President Uhuru Kenyatta, on Friday, directed Attorney General Paul Kihara to draft a bill aimed at barring public servants from running private businesses.

Speaking during the National Anti-Corruption Conference hosted at Bomas, Uhuru specifically sought to prevent the servants from running the businesses in the same industry that they supervise.

I direct the Attorney-General to come up with a bill to address the question of conflict of interest and the unintended consequences of the Ndegwa Commission of 1971,” stated the President.

He further gave the servants an option asking them to choose whether they will work for the public or run their own businesses.

"State or public officers will have one choice: Serve in the public arena or go and do private business,” offered Uhuru.

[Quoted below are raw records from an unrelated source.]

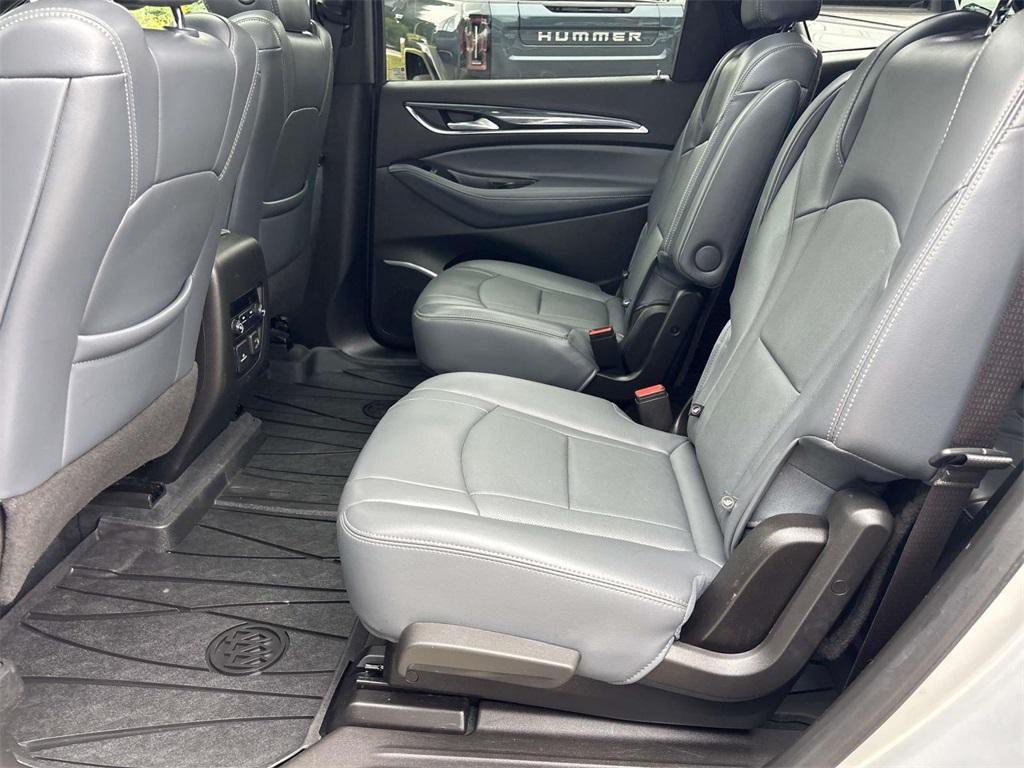 used 2022 Buick Enclave car, priced at $26,000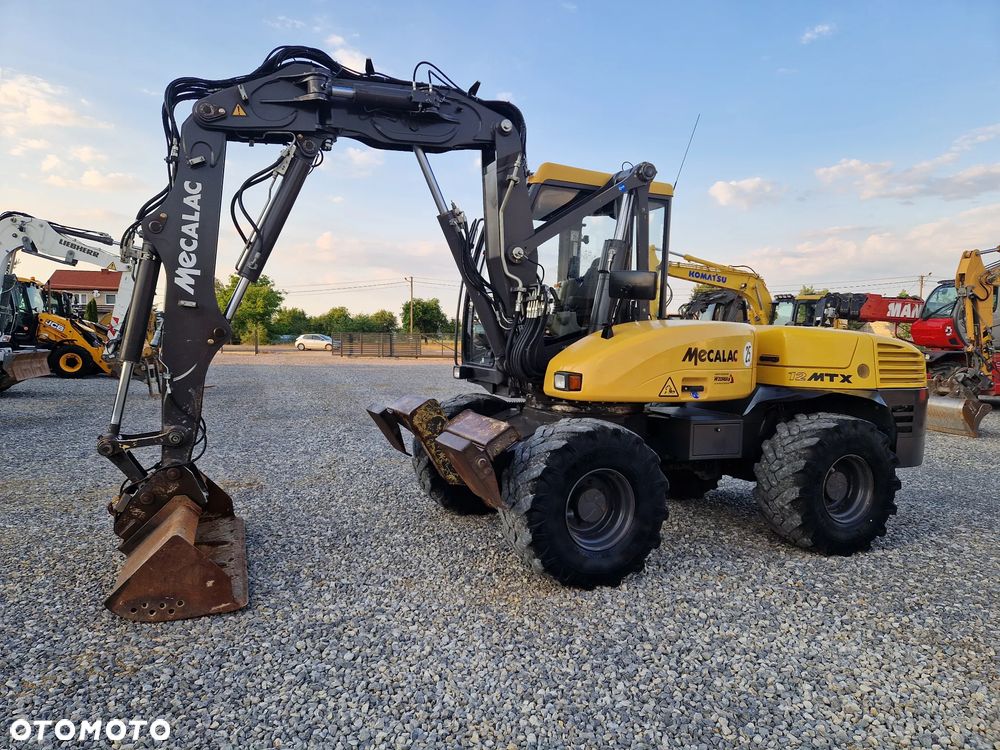 Mecalac 12MTX - 17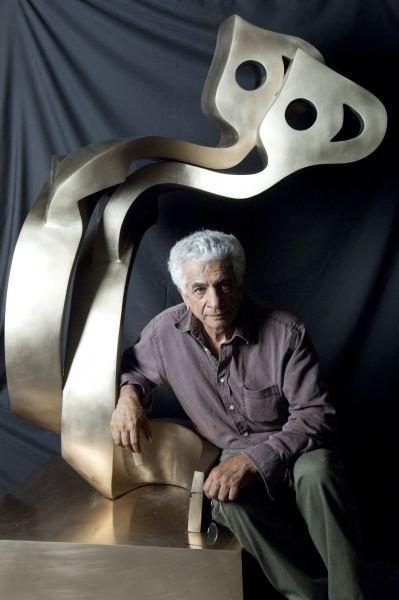 Parviz Tanavoli Parviz Tanavoli Wellesley College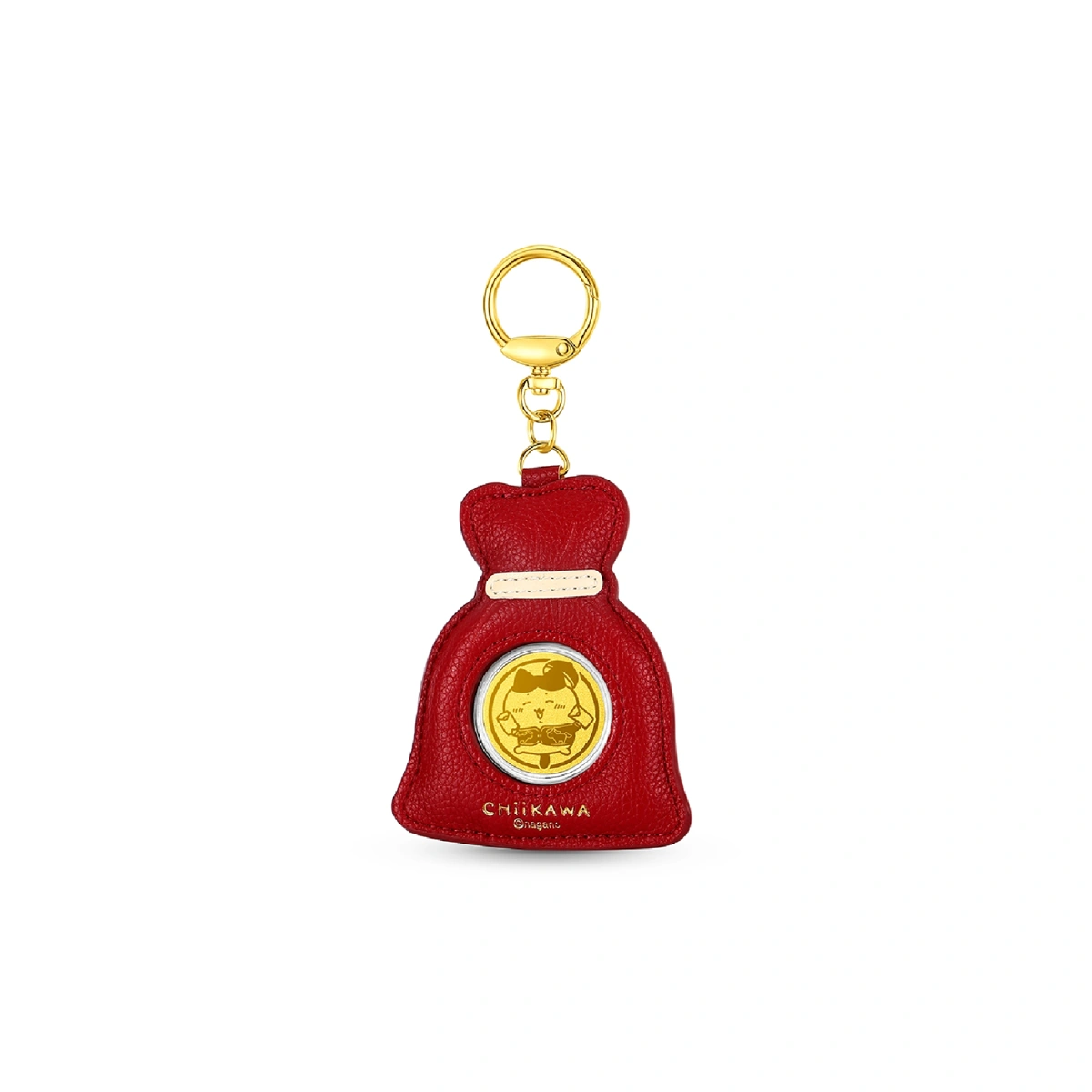 小八999.9黃金工藝精品金章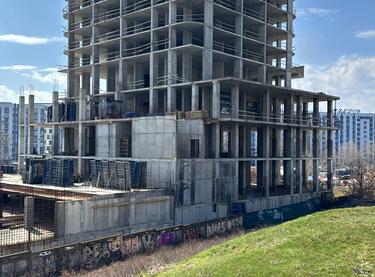 Статус строительства ЖК Aura city Дом А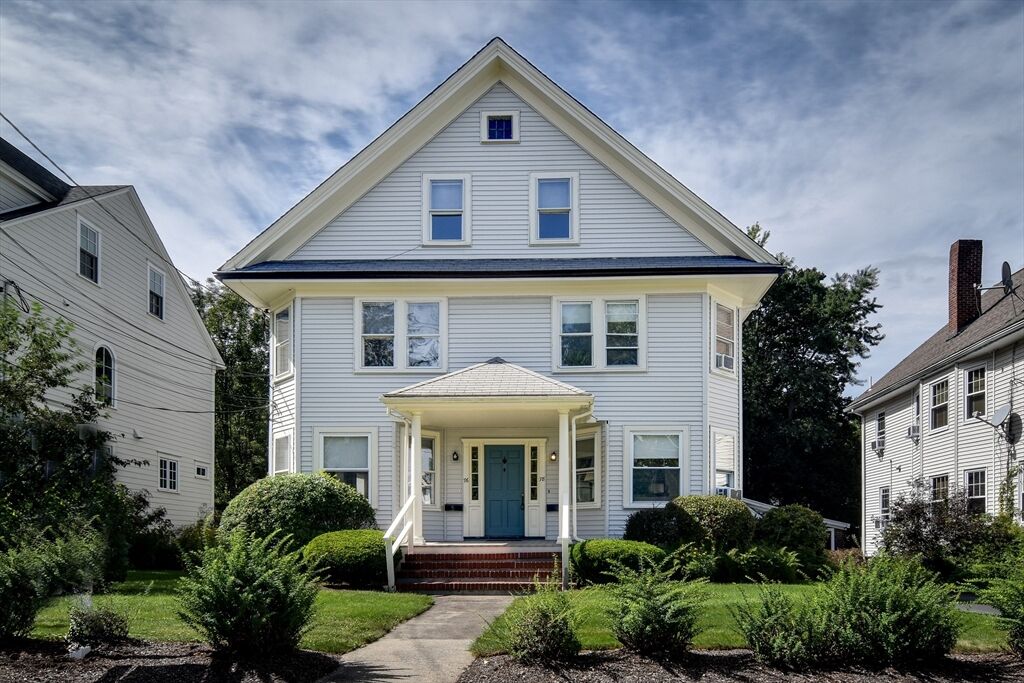 Property Photo: 76 Walnut Street 76 MA 02482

To drive the point home, the agitated president told the story of a senior police officer who pretends to regulate the transport sector yet he owns a fleet of public transport vehicles.

Uhuru further revealed that the enforcement of the proposed bill would bar influential people from using their positions to acquire information only to end up using it for their personal endeavours.

Example, MPs including senators should no longer be able to use committee powers to demand information from public offices and then utilise that same information in their own pursuits,” he remarked.

The directive was part of the president’s relentless fight against corruption in which he declared that no person was above the law no matter how influential they thought they were.

The President was seeking to reverse the 1971 bill by the Duncan Ndegwa Commission that had allowed public servants to manage personal businesses. A bill that many servants had exploited for long.